Cinematically, my pride draws from a few sources. The Adventures of Priscilla, Queen of the Desert frees me from the constraints of reality, because except for one minor gay-bashing scene, everyone is happy and free. Jeffrey was the catalyst to my outing --- seeing these wonderful gay men living the life they wanted to live (except Jeffrey) and being happy (except Jeffrey) made me want to be just the same. The Celluloid Closet showed me, visually, the progress gay people have made in being accepted by society.

But my pride runs deeper than these works, written by other people. I find pride in myself based on what I am. I'm delighted that I'm attracted to guys. I'm delighted that I allow myself to be attracted to guys. I love it. I love being gay. When I allow myself to be gay, and go with my soul instead of society, it's a high better than anything I can imagine. I feel better about myself, because I have the strength to go against the social mores that the assholes of the world decree, wrongly, must be.

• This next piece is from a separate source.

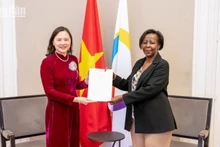越南常驻联合国教科文组织代表阮氏云英大使向法语国家国际组织秘书长路易丝·穆希基瓦博递交委任书。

However, to examine pride, one must also examine the antithesis of pride. Shame. Have I felt ashamed to be gay? Of course. Recently, on a very bad day, out of the blue, I felt really really awful about being gay. I just started hating it. I hated what my life has turned into as a result, and I hated myself for being so. Looking back, I figure that this was caused by my situation that day. I was lusting after a cute boy who was very very straight. These things still hurt and make me feel bad. But I know that one day I will realize that it's not my fault that some boys are straight. They simply don't know any better. But until that day, I'm just going to have to deal with my periods of self-loathing.

As for the future, I dream of love and support. I dream of being myself. I dream of dates and walks and sharing french fries with ranch dressing.

The very fact that I allow myself to dream of the future again shows my pride. I will not be withered by shame. Merely bruised.

And so I dream.

Comments and suggestions should be sent to davy@torithoughts.org. Explorers should go to http://members.aol.com/agelfling.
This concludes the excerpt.